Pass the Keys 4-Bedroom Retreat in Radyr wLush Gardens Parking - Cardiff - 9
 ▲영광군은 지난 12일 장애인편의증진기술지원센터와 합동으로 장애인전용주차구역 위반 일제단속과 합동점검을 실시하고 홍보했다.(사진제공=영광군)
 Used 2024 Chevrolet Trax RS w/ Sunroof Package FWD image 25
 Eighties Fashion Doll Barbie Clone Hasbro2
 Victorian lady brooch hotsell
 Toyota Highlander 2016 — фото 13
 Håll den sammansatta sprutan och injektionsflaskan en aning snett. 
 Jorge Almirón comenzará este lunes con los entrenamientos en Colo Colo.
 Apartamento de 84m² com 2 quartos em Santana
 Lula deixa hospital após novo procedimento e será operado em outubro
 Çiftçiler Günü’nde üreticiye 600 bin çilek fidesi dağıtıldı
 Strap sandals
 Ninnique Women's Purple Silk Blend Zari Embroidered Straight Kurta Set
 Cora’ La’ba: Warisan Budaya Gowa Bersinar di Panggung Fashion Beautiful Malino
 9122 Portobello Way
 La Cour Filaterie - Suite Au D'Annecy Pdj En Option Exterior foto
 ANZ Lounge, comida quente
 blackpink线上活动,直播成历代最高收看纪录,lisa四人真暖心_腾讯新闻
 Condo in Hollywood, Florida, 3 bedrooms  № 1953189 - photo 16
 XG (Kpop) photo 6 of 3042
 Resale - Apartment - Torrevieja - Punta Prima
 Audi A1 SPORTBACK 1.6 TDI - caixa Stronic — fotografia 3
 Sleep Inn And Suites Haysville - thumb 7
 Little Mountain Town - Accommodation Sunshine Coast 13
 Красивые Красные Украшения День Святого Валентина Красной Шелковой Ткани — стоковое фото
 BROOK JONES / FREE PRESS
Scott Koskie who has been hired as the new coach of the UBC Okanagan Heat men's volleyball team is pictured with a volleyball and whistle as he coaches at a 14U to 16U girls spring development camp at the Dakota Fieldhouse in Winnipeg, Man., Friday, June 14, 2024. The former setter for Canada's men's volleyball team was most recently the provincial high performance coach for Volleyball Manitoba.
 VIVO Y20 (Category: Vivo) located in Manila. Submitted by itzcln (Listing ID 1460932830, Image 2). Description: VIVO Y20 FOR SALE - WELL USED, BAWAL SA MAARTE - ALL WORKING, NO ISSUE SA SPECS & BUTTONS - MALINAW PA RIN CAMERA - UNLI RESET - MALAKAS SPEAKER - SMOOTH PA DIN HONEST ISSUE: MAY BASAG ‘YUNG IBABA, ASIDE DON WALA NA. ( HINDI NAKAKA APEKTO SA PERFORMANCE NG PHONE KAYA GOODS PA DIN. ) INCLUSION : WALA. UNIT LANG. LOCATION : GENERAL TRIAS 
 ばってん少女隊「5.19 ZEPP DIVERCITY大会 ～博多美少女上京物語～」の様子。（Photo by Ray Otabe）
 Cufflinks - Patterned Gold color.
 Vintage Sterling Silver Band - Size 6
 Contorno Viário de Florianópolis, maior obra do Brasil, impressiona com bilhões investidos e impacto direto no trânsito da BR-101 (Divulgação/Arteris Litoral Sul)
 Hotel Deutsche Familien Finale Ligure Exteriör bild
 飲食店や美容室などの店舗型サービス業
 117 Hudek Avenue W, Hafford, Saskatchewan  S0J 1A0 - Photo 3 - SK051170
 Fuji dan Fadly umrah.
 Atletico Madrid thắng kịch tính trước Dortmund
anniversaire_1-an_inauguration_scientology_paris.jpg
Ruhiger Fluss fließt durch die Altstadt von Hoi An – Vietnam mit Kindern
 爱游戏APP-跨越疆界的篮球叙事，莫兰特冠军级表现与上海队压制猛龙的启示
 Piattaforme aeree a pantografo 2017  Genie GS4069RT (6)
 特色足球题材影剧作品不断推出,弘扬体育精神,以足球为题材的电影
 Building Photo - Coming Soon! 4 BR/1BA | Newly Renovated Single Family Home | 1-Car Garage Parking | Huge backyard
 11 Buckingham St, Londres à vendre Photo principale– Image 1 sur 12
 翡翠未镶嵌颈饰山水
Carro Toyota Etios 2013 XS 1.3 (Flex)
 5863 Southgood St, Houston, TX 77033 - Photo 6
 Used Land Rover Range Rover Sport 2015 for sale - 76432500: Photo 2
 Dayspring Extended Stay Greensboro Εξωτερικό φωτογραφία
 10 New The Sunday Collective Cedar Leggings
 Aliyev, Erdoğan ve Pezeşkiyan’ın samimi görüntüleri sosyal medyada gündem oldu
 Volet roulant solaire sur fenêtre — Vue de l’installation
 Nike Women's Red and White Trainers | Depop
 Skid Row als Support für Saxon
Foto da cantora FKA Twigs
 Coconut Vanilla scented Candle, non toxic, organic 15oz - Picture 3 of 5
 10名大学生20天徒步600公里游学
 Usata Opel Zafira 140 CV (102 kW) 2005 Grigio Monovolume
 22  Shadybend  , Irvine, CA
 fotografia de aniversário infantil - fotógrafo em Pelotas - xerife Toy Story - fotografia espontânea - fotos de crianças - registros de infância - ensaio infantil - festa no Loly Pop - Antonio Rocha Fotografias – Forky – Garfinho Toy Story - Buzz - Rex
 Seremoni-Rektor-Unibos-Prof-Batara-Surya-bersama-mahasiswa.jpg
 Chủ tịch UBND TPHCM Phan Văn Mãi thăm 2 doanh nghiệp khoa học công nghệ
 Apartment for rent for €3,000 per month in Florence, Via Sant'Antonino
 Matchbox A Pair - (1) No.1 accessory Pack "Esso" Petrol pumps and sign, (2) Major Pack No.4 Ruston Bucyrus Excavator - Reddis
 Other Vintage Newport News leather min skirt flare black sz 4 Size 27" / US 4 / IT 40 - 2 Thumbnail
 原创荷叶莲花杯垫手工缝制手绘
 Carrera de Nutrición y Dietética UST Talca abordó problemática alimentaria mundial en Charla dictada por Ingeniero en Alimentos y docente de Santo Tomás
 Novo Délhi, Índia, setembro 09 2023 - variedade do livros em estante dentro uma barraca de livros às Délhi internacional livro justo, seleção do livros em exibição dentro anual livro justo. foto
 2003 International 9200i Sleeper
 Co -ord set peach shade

+ + + + + + +

→ **Work task**: What lines above mention "Toyota"? Copy each one.

→ **Solution**:
 Toyota Highlander 2016 — фото 13
Carro Toyota Etios 2013 XS 1.3 (Flex)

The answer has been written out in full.